Russia Wants to Put a 76-Millimeter Cannon on an Icebreaker
'Ivan Papanin' looks inspired by Norway
Russia has by far the largest icebreaker fleet in the world with a total of more than 40 publicly and privately owned, including six nuclear-powered icebreakers all capable of punching through Arctic sea ice. It’s also building new ones after a delay of more than four decades, launching the 33,500-ton Arktika in June 2016 and preparing to introduce the 6,000-ton Ilya Muromets into service in fall 2017.
After that, Russia will introduce the 7,000-ton Ivan Papanin, or Project 23550. Except one importance addition will be two Kalibr-type anti-ship cruise missiles and a 76-millimeter AK-176MA naval gun in a turret designed to provide a low radar cross-section.
While it’s simple enough to give sailors a shoulder-fired anti-air missile or small arms, an icebreaker with dedicated weapon—more akin to a destroyer—is a little unusual.
It’s not unheard of. The Norwegian Coast Guard’s 6,375-ton icebreaker Svalbard, while small compared to the largest icebreakers, is Norway’s biggest military ship and carries a 57-millimeter Bofors cannon. Concept art of Ivan Papanin bears a close resemblance to Svalbard, and could very well be inspired by it.
Canada’s upcoming Harry DeWolf-class icebreakers are close facsimiles of the Norwegian ship. Russia’s enormous nuclear-powered icebreaker Sibir, which served from 1978 to 1992, was also once photographed with a deck gun.
An AK-176 cannon on the USNS ‘Hiddensee’ in 1993. ‘Hiddensee’ was originally an East German vessel acquired after the Cold War. U.S. Navy photo
Icebreakers have taken on strategic importance as declining sea ice due to global climate change promises to open up vast reserves of oil in an area with a jumble of maritime boundaries and competing claims.

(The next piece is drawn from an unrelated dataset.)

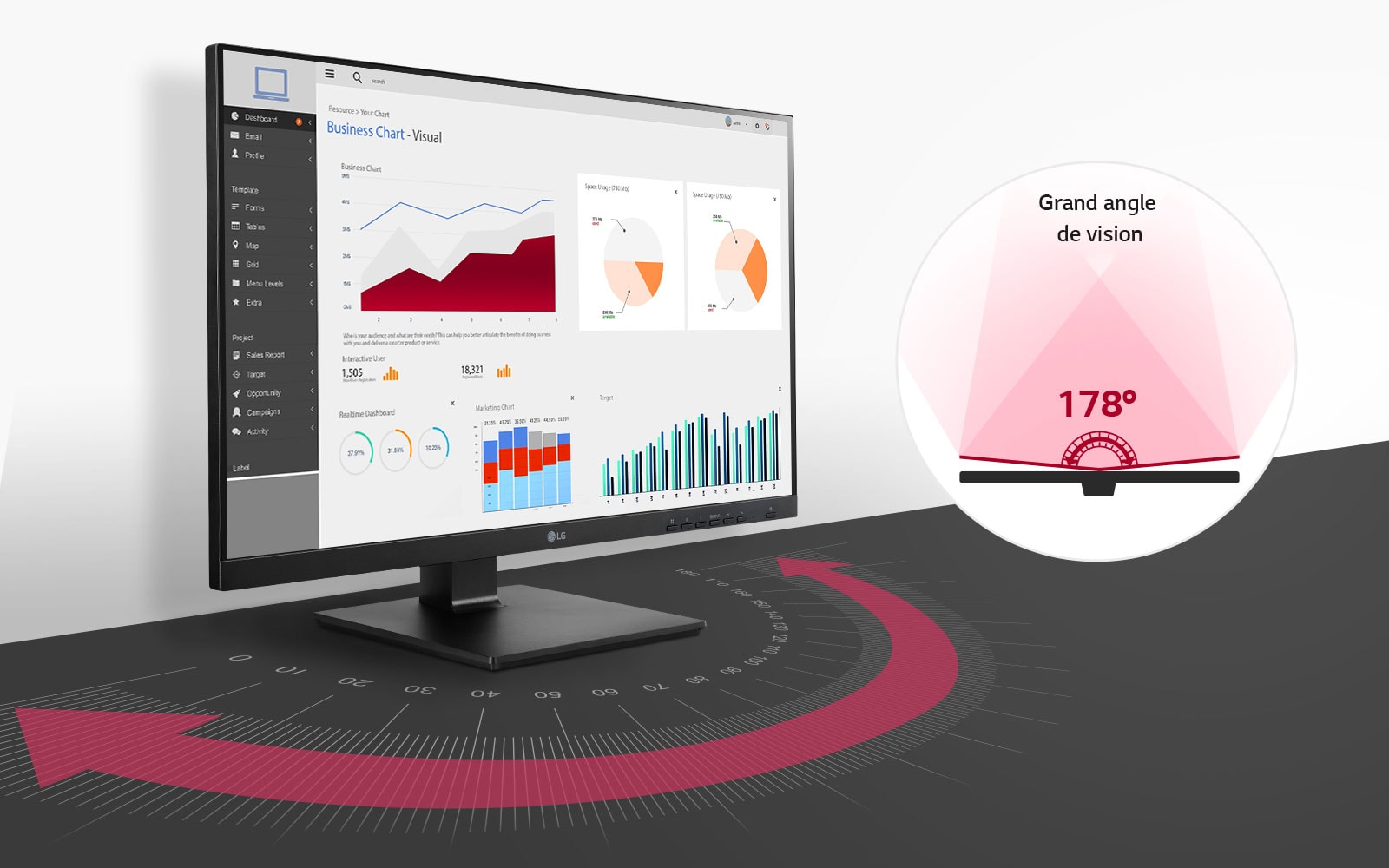 Images de couleurs réalistes plus nettes et fidèles affichées à de grands angles jusqu’à 178 degrés sur l’écran IPS Full HD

Icebreakers are primarily peacetime vessels designed to carve passageways for civilian shipping, but the vessels with their strengthened hulls and ice-smashing bows and sterns could similarly clear a path for warships in the event of a conflict.
Armed icebreakers could patrol those claims, and just as importantly, enforce them … in theory. The United States by comparison has only two operational icebreakers, and is funding a third. But most of the Arctic’s resources are already apportioned, as Andreas Kuersten recently pointed out, and icebreakers are less militarily useful than as popular media accounts make them out to be.
For one, Russia is starting at a disadvantage because it requires a large number of icebreakers to clear approaches to and from its northern shipyards. And while these ships open up further paths in the Arctic for follow-on warships to maneuver, those vessels must follow the icebreakers in a predictable fashion—which makes them vulnerable to attack from submarines, far more useful in the Arctic than surface ships.
Submarine warfare is where the U.S. Navy—which possesses 41 submarines capable of punching up through the ice from below—has an stark advantage compared to Russia, which has 25 suitable subs which also sail far less frequently. A new Russian icebreaker with a few cruise missiles and a 76-millimeter gun won’t change that.